Monday, April 18, 2005
Ask your average Ugandan about the Ik ethnic group and you will most likely get a blank stare. The fact is that somewhere in Northeastern Uganda live a tribe numbering 6,500, a people whose existence many Ugandans and the rest of the world are hardly aware of.
Nyx Martinez, a young Filipina lady has saved us the cost of taking the journey up North and brought these people to town by way of an art exhibition entitled “The Ik—Inside-Out”. It will run at the Sheraton Kampala Hotel until Sunday April 24.
Martinez uses the oil pastel technique on felt canvas, which she says gives the work a three-dimensional feel. The exhibition also features photographs by German and Australian photographers.
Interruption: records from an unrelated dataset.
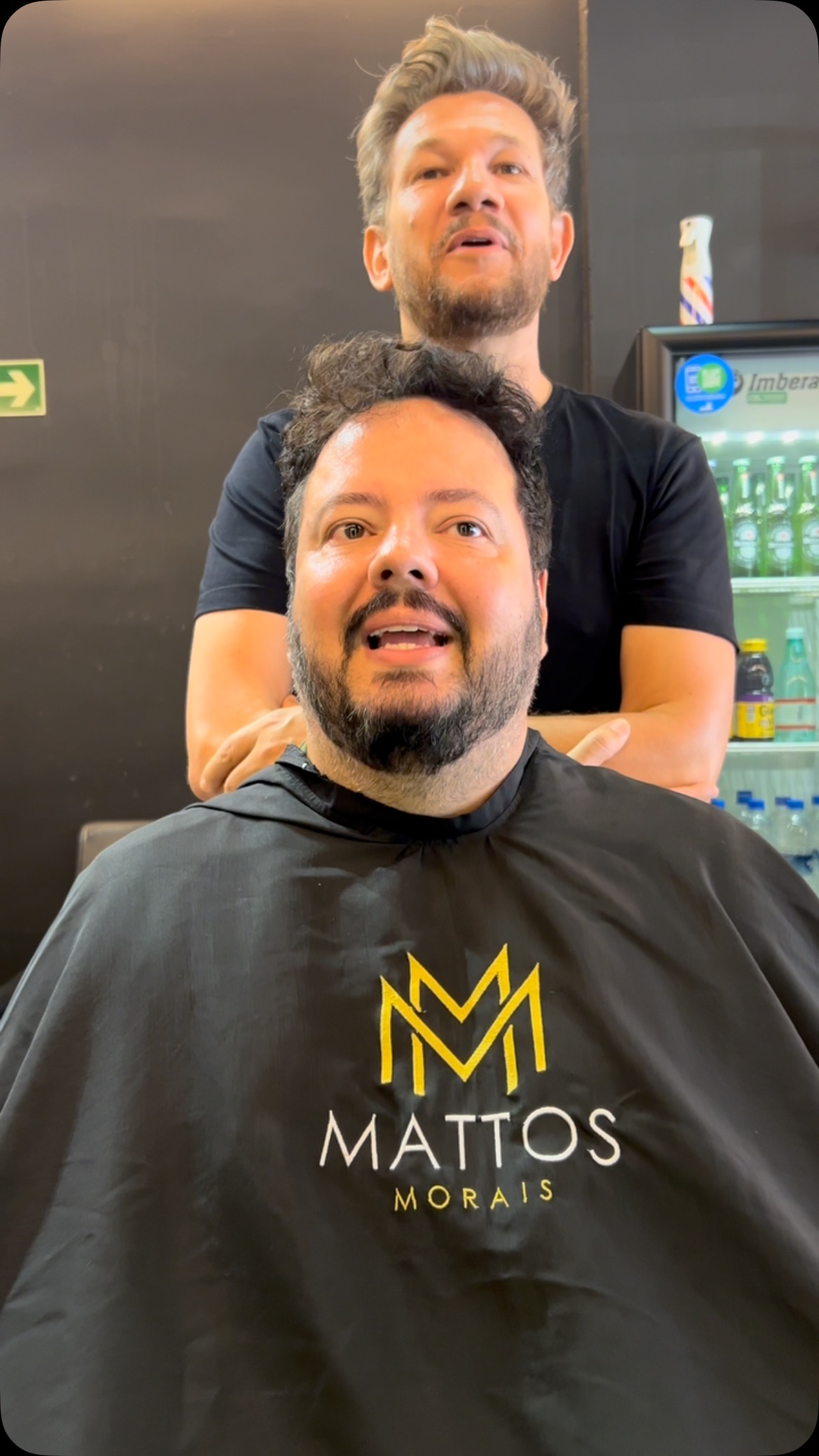 Seguimos com nosso visagismo! Entendendo às necessidades dos nossos clientes, e visualizando o melhor para surpreender! 🙌🏻 agende sua consultoria visagista e descubra um novo visual para vc! 👊✂️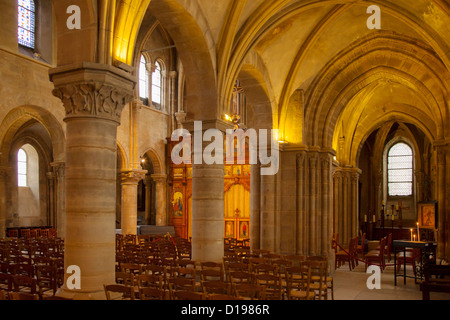 Interno della Eglise Saint Julien le Pauvre - Costruzione iniziata 1165 e infine completato 1655, Quartiere Latino, Parigi Francia Foto Stock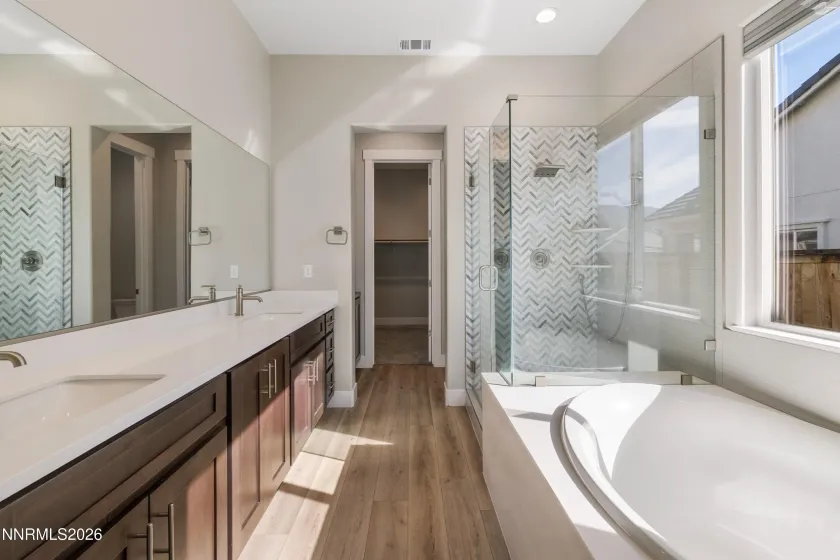 250 Commodore, Verdi, Nevada 89439, 4 Bedrooms Bedrooms, ,3 BathroomsBathrooms,Residential,Residential,Commodore,260005253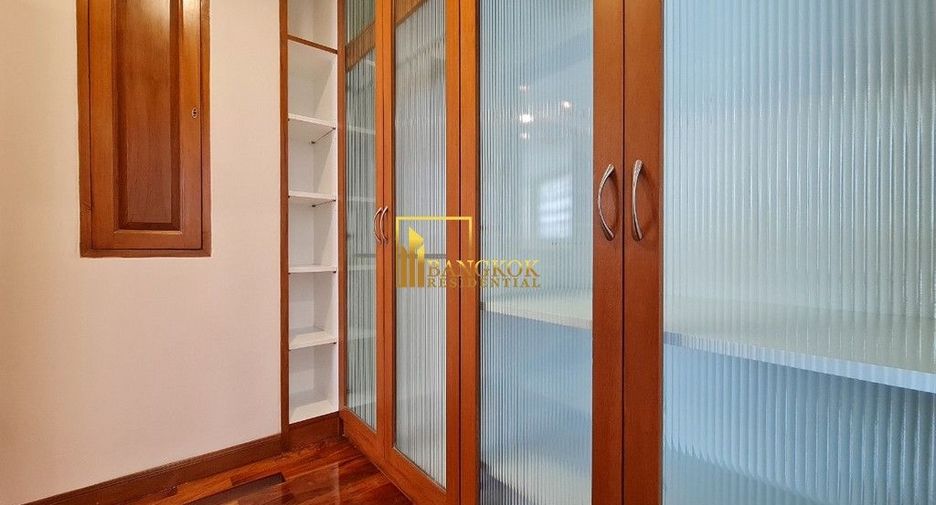 Apartamento en alquiler de 3 habitaciones en Khlong Toei, Bangkok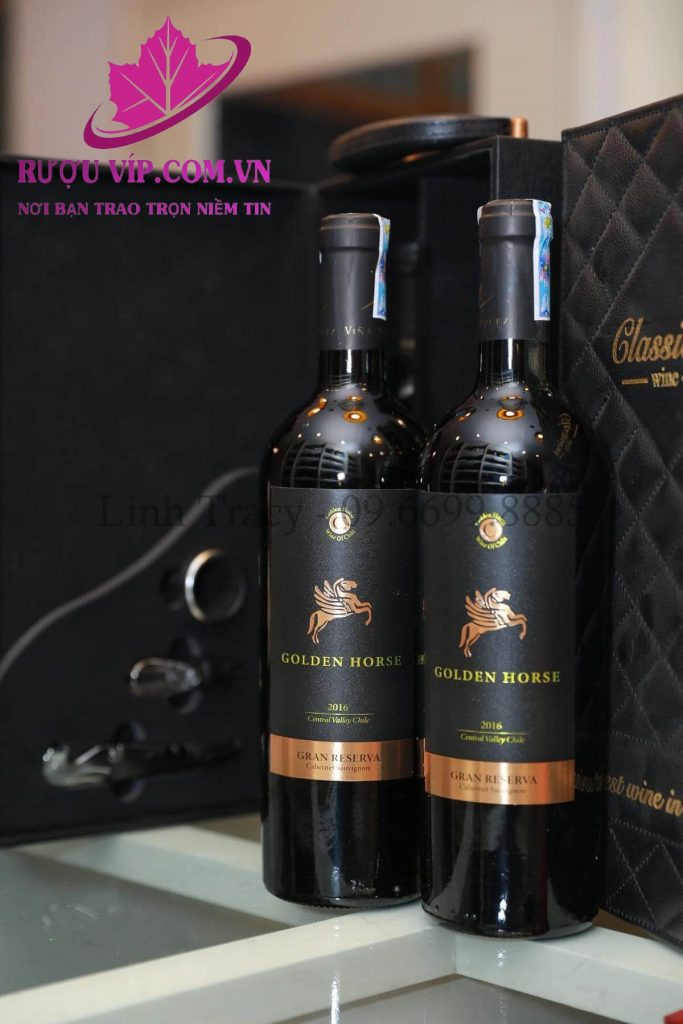 Rượu vang Golden Horse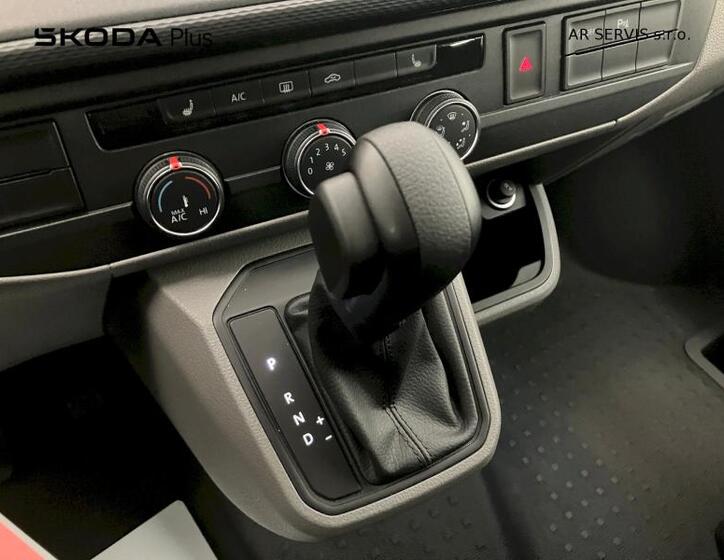 Volkswagen Caravelle 19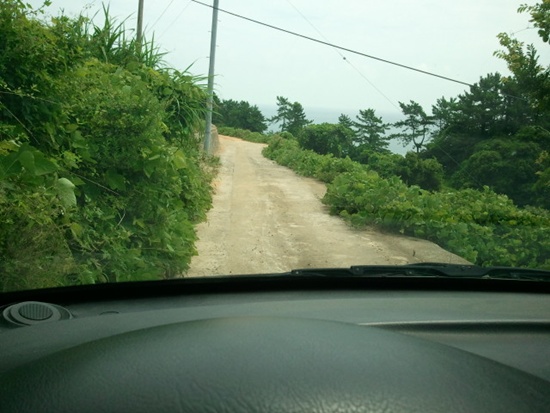시인과 촌장이 살고 있는 안도 동고지 마을은 도로가 좁아 차 한대만 겨우 지나갈 수 있어 곡예운전을 해야한다(2012년 9월 사진)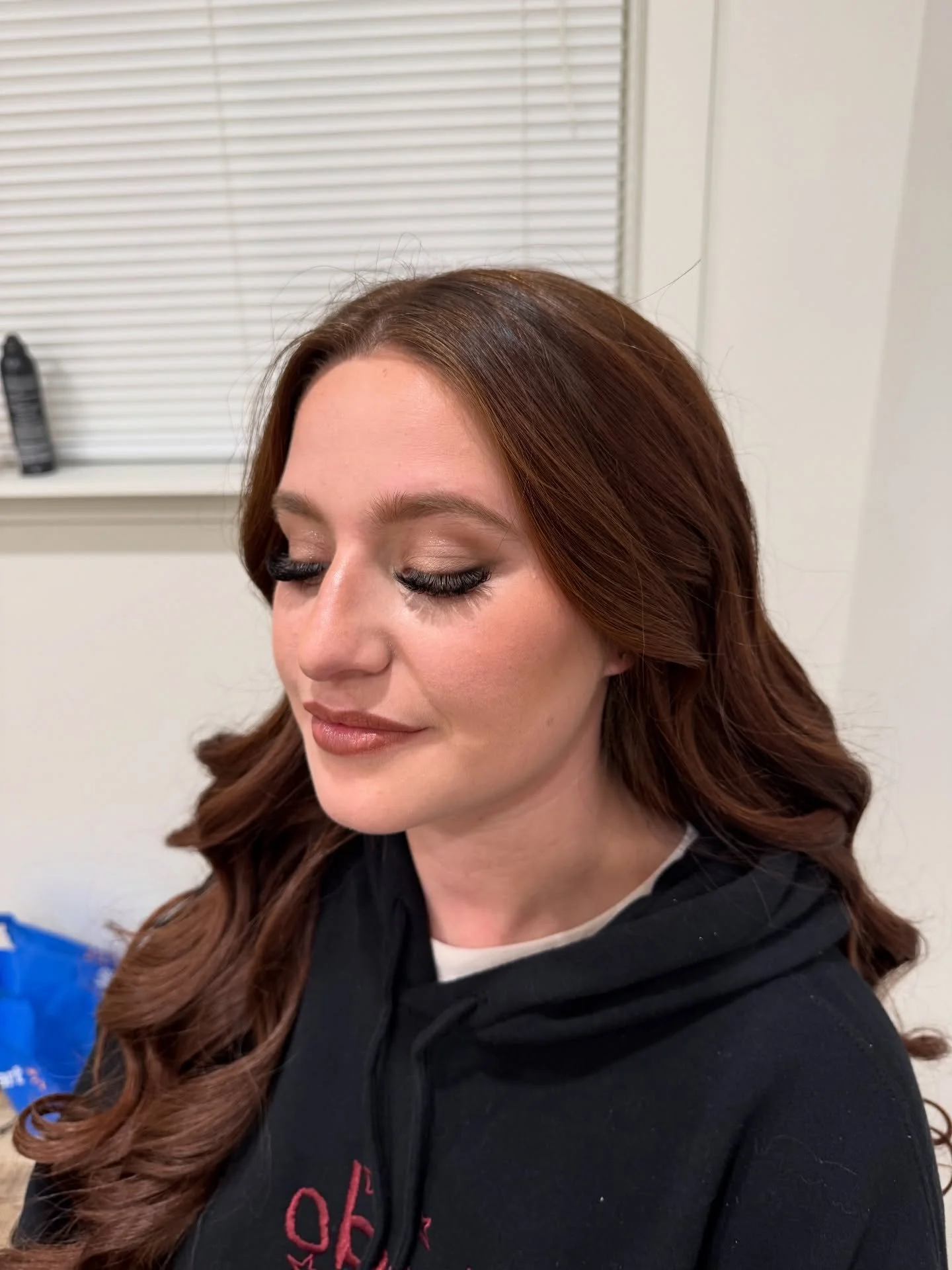 Beauty. Ready for photos with @little.white.rose.photography The most gorgeous long hair and makeup done by me. Real life Ariel. #makeupguru #makeuplover #makeupstudio #makeuplooks #beautyaddict beautyguru beautyexpert makeupartist makeupartistry mak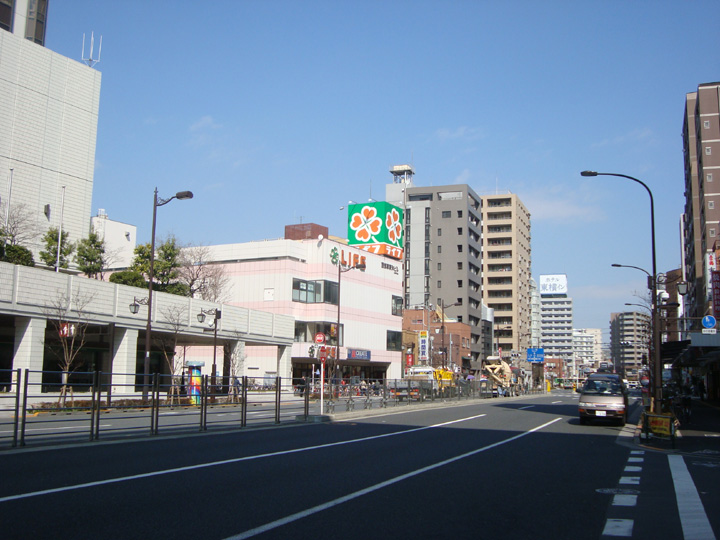 国際通りから東横イン浅草千束つくばエクスプレスを望む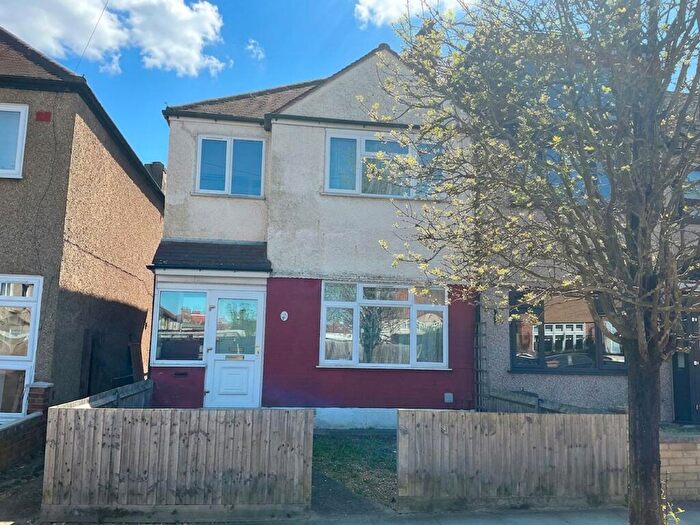 3 Bedroom End Of Terrace House For Sale In Beverley Road, Mitcham, CR4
The exhibition is a result of a November 2005 missionary expedition that reached six groups of the Ik who live in Northern Karamoja in Timu Forest, Kamion, Lapedo and Lokwakaramoi right on the border with Kenya and Sudan. The goal of the visit was to assess the living conditions of the Ik , their immediate needs, and to give them spiritual support.
What the missionaries found was an alarming state of deprivation and social injustice. Due to their remote location, these peaceful farming people are not only fighting hunger and constant fear of survival, caused by constant insecurity stirred by the activities of their immediate militant neighbors, the Ugandan Dodoth and the Kenyan Turkana.
The Ik are also fighting for their identity as a unique people with a unique history and language and being surrounded by the various Karimojong tribes means they are often taken for Karimojong themselves.